>>
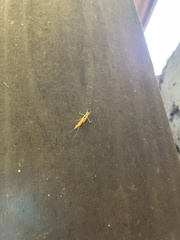 Stenacron interpunctatum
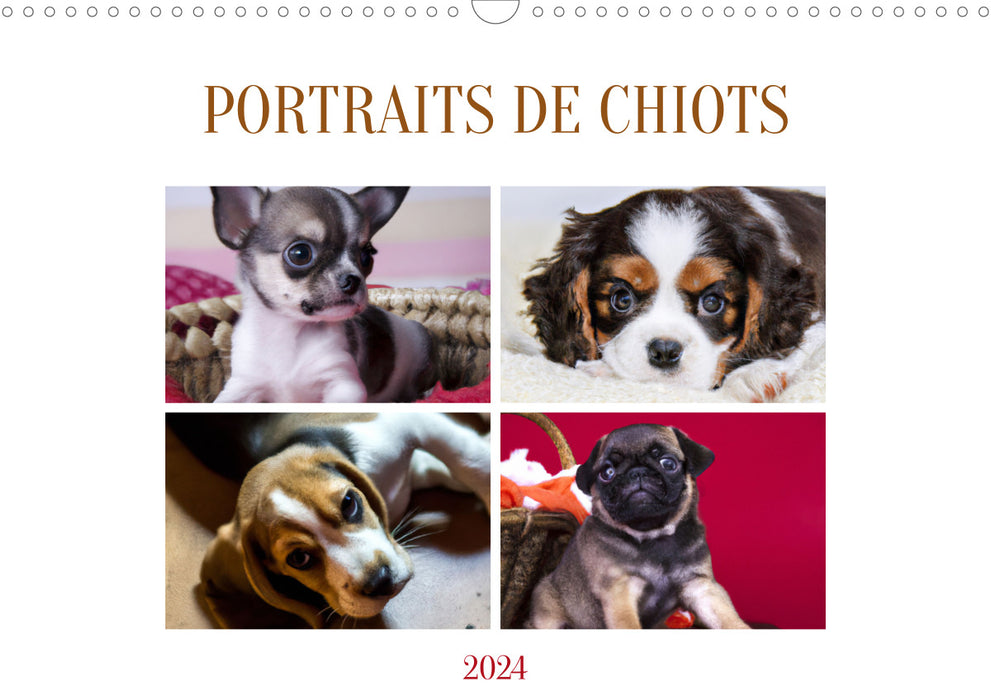 Portraits de chiots (CALVENDO Calendrier mensuel 2024)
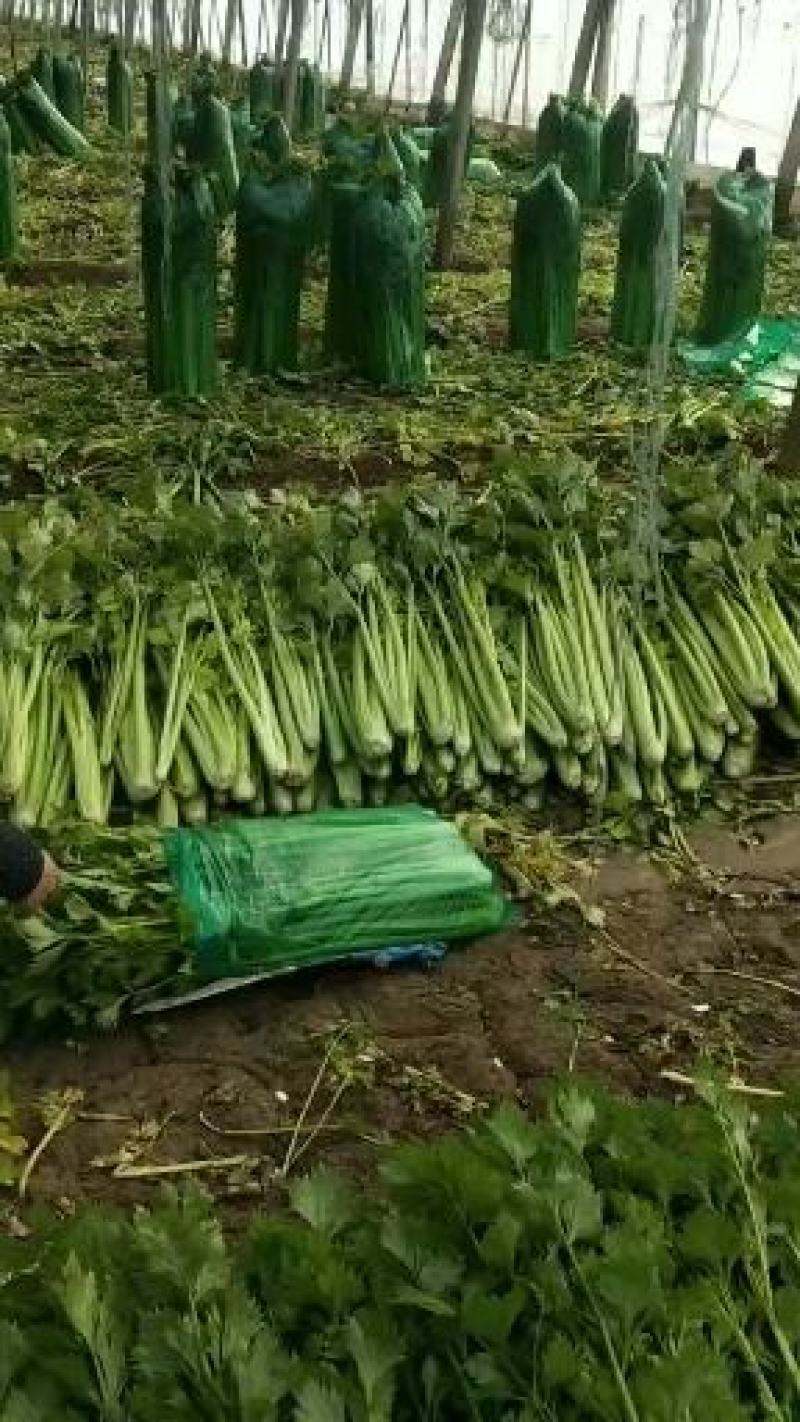 商河精品芹菜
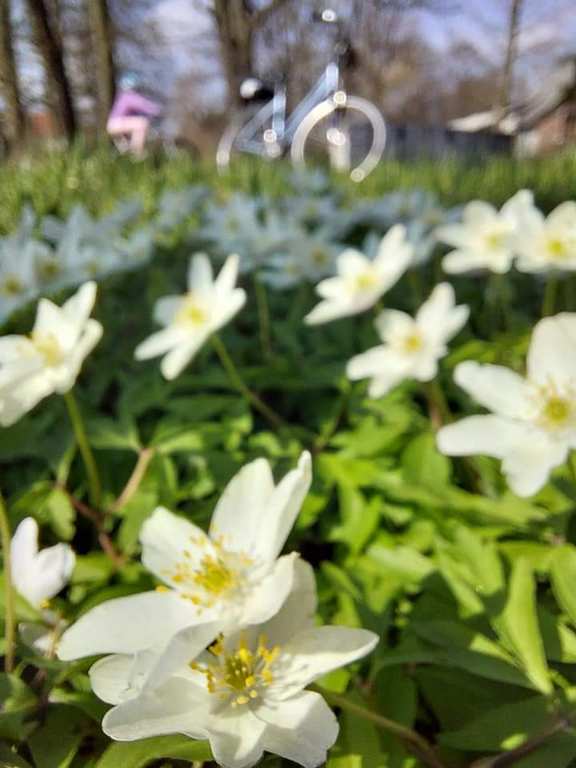 Zdjęcie WhatsApp 2024-11-08 o 12.41.48_f842afa6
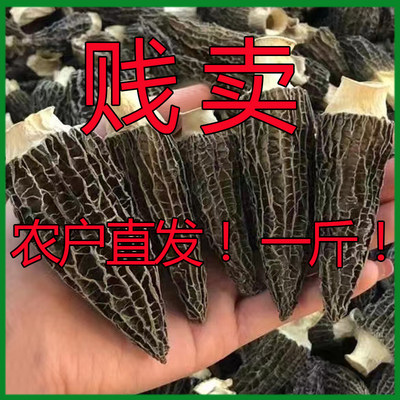 特价云南特产干货羊肚菌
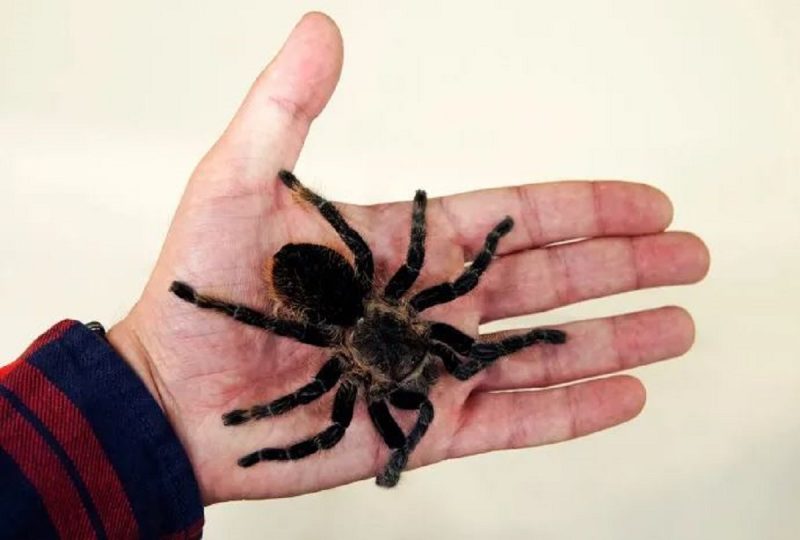 sonhar com aranha branca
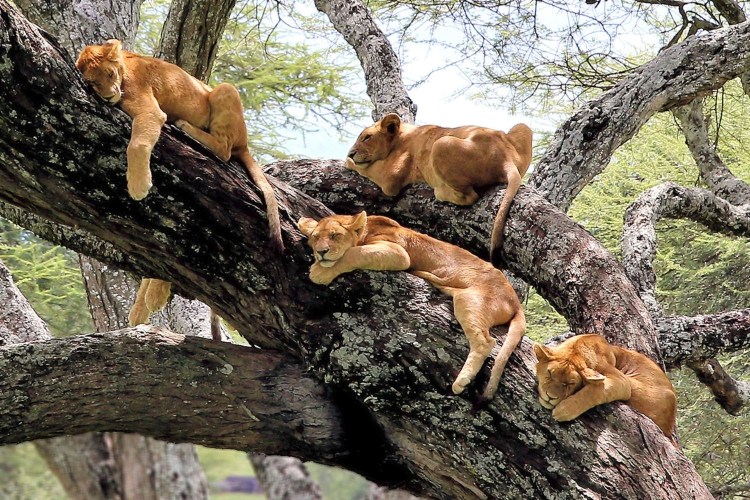 Парк Серенгети львиный Прайд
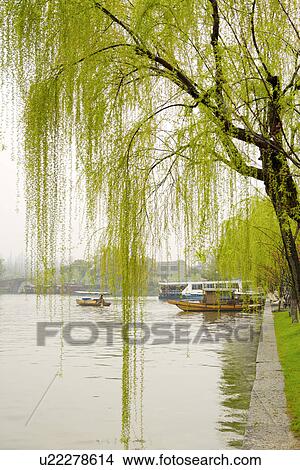 Picture - China, Zhejiang Province, Hangzhou, boat on the West Lake, willow tree in the foreground. Fotosearch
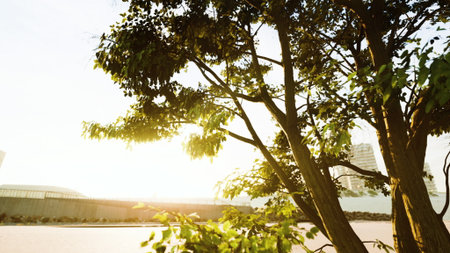 Sunlight filters through lush green tree branches, creating a serene atmosphere by the waterfront. Skyscrapers glisten in the distance as evening approaches, painting a tranquil scene.の写真素材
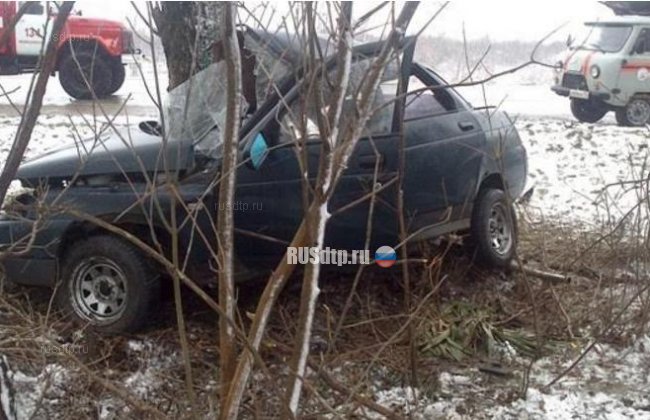 На Кубани погиб водитель, врезавшись в дерево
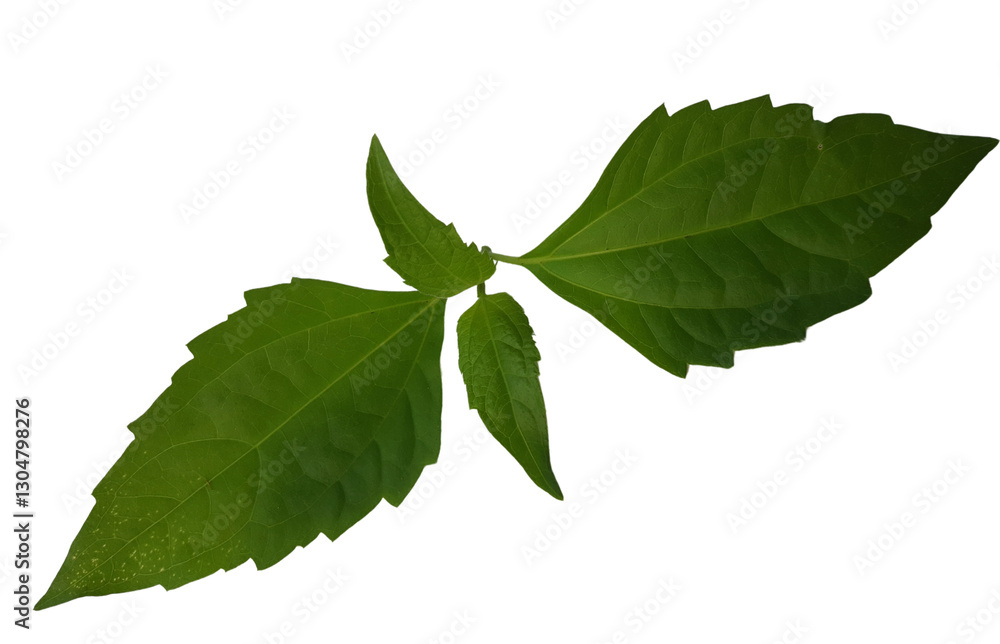 green leaves on white background, Andrographis paniculata, green Andrographis paniculata leaf. green leaves on white background, Andrographis paniculata, green Andrographis paniculata leaf.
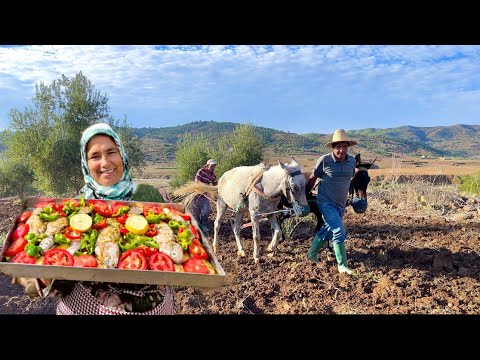 حرث الفول بطريقة تقليدية و تحضير السمك في الفرن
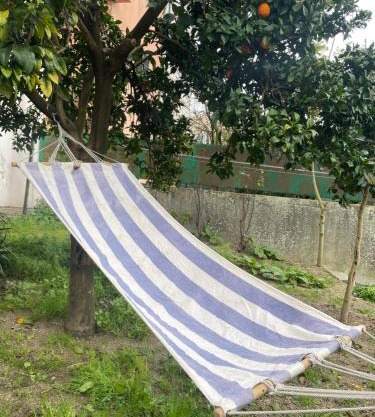 Apartment with balconies and garden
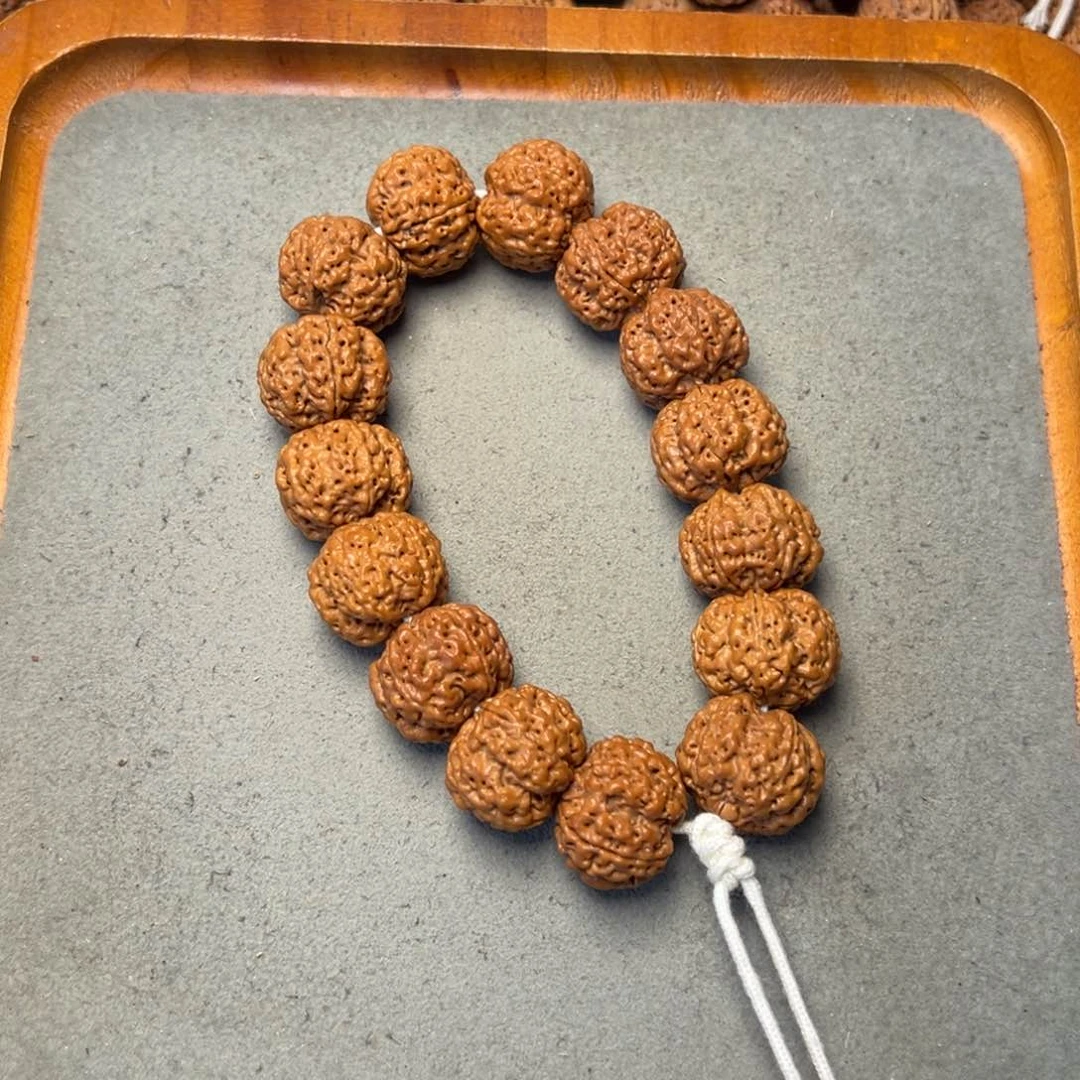 菩提33号金刚菩提梅花双龙21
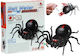 Educational Game Knowledge for 4-6 Years Old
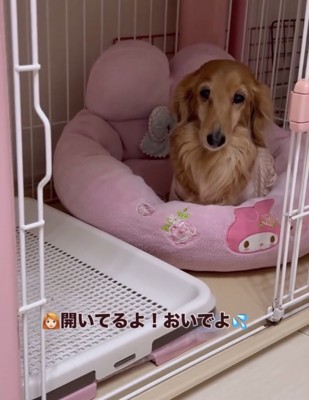 きょとんとする犬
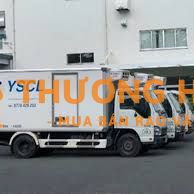 TUYỂN TÀI XẾ XE TẢI B2 (XE 2T) GIAO HÀNG ĐÔNG LẠNH KV TP.HCM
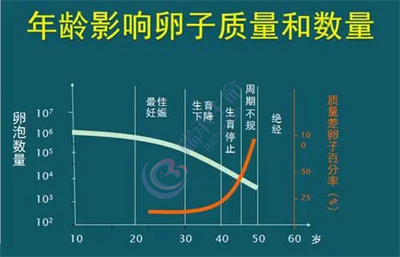 探究卵子质量下降原因 去泰国做试管婴儿方案与好孕措施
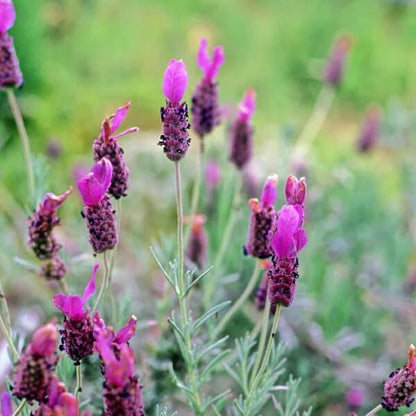 Spanish Lavender Seeds Flower Plant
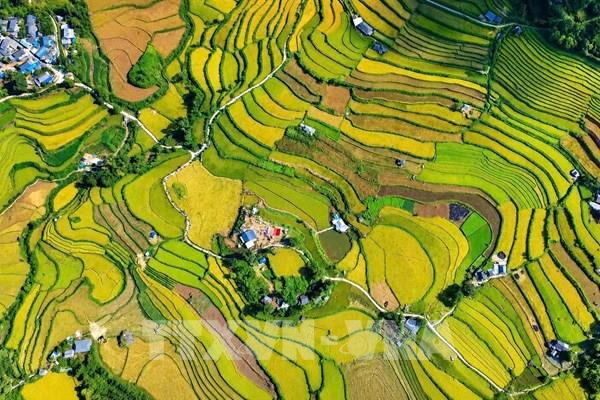 Ngày hội Mùa vàng Tả Lèng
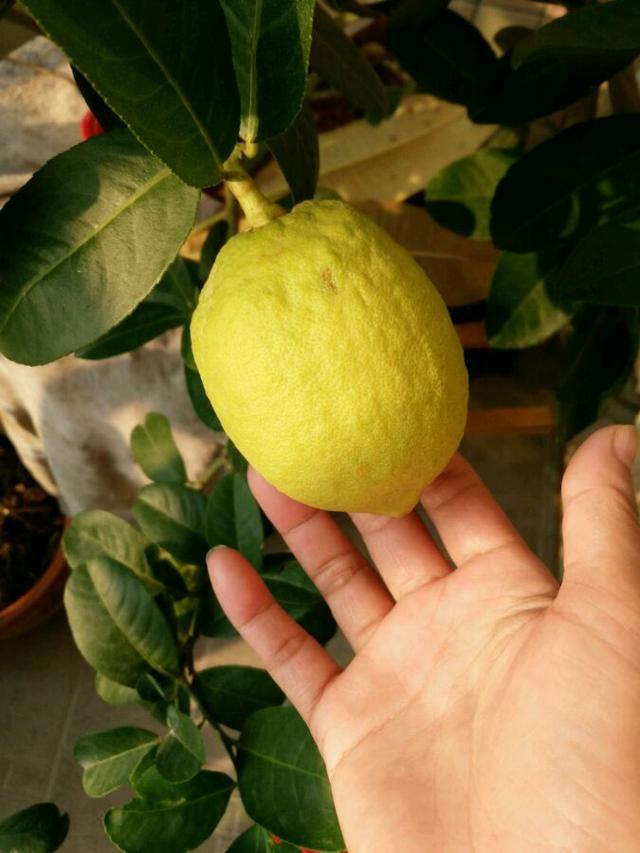 The best potted fruit is ornamental and edible in four seasons. It is worth having.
<<
YOUR OBJECTIVE: From the first line to the last, give the data again exactly, but without pictures.

FINAL ANSWER:
 Stenacron interpunctatum
 Portraits de chiots (CALVENDO Calendrier mensuel 2024)
 商河精品芹菜
 Zdjęcie WhatsApp 2024-11-08 o 12.41.48_f842afa6
 特价云南特产干货羊肚菌
 sonhar com aranha branca
 Парк Серенгети львиный Прайд
 Picture - China, Zhejiang Province, Hangzhou, boat on the West Lake, willow tree in the foreground. Fotosearch
 Sunlight filters through lush green tree branches, creating a serene atmosphere by the waterfront. Skyscrapers glisten in the distance as evening approaches, painting a tranquil scene.の写真素材
 На Кубани погиб водитель, врезавшись в дерево
 green leaves on white background, Andrographis paniculata, green Andrographis paniculata leaf. green leaves on white background, Andrographis paniculata, green Andrographis paniculata leaf.
 حرث الفول بطريقة تقليدية و تحضير السمك في الفرن
 Apartment with balconies and garden
 菩提33号金刚菩提梅花双龙21
 Educational Game Knowledge for 4-6 Years Old
 きょとんとする犬
 TUYỂN TÀI XẾ XE TẢI B2 (XE 2T) GIAO HÀNG ĐÔNG LẠNH KV TP.HCM
 探究卵子质量下降原因 去泰国做试管婴儿方案与好孕措施
 Spanish Lavender Seeds Flower Plant
 Ngày hội Mùa vàng Tả Lèng
 The best potted fruit is ornamental and edible in four seasons. It is worth having.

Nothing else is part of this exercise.